Even for people like me, who don't know real suffering in any material sense -- I have a job, I'm healthy, my family is healthy, we live comfortably, etc. -- happiness is sort of an ephemeral thing. Most people I know spend much of their time stressed out, worrying about the husband who is out of work or dealing with divorce or heartbreak or trying to keep the house from going into foreclosure or grieving for sick or dying loved ones. We do things that are fun, have experiences that are pleasurable, but don't live in a state of consistent happiness. We wouldn't characterize our lives as unhappy, but not necessarily as happy, either. We get by. We endure. We might have moments of joy along the way. And that's about the best we can hope for.

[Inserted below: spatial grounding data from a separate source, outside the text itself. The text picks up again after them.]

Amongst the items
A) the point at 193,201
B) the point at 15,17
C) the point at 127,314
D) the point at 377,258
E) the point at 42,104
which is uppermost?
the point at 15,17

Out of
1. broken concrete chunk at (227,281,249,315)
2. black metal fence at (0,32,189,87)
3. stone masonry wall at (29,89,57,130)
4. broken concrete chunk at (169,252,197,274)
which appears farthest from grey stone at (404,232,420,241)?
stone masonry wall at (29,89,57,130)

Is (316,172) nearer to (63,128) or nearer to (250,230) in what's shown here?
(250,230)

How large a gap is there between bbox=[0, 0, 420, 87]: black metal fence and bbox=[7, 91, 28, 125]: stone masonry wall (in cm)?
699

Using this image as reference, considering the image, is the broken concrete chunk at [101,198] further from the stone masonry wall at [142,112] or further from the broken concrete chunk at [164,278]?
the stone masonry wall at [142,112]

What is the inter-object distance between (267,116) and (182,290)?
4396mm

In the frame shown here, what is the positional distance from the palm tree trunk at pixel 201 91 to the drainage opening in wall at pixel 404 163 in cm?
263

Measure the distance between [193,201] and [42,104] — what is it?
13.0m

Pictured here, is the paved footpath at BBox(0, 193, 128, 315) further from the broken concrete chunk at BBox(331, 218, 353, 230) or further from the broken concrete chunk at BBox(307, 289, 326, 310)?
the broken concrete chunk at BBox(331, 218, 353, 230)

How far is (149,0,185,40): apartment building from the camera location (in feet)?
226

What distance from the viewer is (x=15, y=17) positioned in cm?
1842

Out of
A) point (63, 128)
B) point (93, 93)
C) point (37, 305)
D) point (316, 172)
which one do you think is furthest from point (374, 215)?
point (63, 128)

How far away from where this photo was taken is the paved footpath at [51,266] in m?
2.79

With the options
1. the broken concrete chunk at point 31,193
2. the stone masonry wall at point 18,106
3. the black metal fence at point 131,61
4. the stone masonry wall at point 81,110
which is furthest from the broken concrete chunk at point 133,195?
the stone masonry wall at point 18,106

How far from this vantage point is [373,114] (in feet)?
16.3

As for the Haitian earthquake victims, help them out, to the extent you can. Click here for a list (with links) of reputable organizations assisting with relief efforts, or text "HAITI" to 90999 on your cell phone to make an immediate donation of $10 to the Red Cross's relief efforts (the $10 will show up on your cell phone bill). It probably won't make anyone truly happy, but it just might relieve some of the unhappiness.


  1. Anonymous12:29 PM

    You can also text "YELE" to 501501 which is Wyclef Jean's organization. The donation there is $5. He is a native Haitian & has been tweeting updates since the earthquake.

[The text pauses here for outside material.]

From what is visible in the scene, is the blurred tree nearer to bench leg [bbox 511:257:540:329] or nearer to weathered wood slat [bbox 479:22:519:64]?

  2. Yikes, Wendy. Definitely an appropriate title. The thing about modernity is that it gives us the time and energy to think about how happy we are or aren't, and there's a whole lot of emphasis on it.

  3. Yeah, I know, I'm Debbie Downer today.

  4. I read in the paper today that former politician an televangelist Pat Robertson claims that the Haitians have brought this upon themselves - because the have a pact with the devil. That really makes me mad!!!

  5. He did say that - he is a repulsive human being, in my opinion.